Saturday, November 3, 2007

Halloween











This week was Halloween. We had no trick-or-treaters...not sure if it was due to the intense rain that evening or the fact that our street is not ideal for this activity due to lack of sidewalk? Anyhow, the real Halloween celebration took place on Friday, when Maggie's lab at UH had its annual Halloween lunch. Our faculty leader took us to Lulu's, a restaurant right on the beach in Waikiki, to celebrate. The STEPs lab is fairly into Halloween, and has a tradition of getting rather involved in costume design and competition.
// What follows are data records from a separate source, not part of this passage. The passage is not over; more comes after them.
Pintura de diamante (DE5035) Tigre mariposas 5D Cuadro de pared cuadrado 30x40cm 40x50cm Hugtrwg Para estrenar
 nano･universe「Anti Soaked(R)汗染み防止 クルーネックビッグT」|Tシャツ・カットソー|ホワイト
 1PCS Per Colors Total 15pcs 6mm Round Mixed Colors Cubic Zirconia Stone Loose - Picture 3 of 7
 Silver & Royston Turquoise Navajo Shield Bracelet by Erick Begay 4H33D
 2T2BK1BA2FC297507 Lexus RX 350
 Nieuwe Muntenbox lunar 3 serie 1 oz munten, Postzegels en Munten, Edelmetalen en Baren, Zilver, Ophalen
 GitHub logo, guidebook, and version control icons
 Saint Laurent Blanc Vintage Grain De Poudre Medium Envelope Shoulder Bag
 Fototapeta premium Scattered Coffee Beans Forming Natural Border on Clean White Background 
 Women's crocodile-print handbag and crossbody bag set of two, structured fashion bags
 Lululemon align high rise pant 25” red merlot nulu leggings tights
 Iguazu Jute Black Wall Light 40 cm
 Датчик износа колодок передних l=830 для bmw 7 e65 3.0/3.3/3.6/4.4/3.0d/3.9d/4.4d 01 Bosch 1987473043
As you can see, we had a lot of fun. Cameo and I went as Little Albert and The Rabbit. For those of you who have not taken Psych 101, Little Albert was the non-IRB protected subject in a conditioning experiment run by John B Watson in the 1950s. This was definately the dorkiest costume of all time. You can learn more about poor little Albert at the link below:

http://en.wikipedia.org/wiki/Little_albert

Anyhow, I have included some pictures of the event. B-RAD was AWESOME as Optimus Prime. His mask actually had a voice converter that made him sound like a Transformer. This made everything that he said ridiculously funny. I just love my fellow post-docs--they are hilarious. Our beloved lab leader was a Hawaii Garbage Truck. His large yellow sunglasses were meant to be like windsheilds (see pic where he demonstrates with "wipers")...All in all, it was a very fun day. Sadly, despite our dorkiness, Cameo and I did not win any of the prizes for most creative, funniest, or best CBT costume. Adam won best CBT costume for his CBT Ninja. Adam is the taller clone of our very dear friend Phil, and him being a ninja only made their similarities all the more spooky.

1 comment:

-H. said...

The Optimus Prime costume reminds me of singing the theme song to Transformers into the fan, oh the entertainments of the lower middle class.

I thought Tommy was the ninja by the way, and I thought you were a Newsie, but I see you costume was more cerebral, on as few different levels.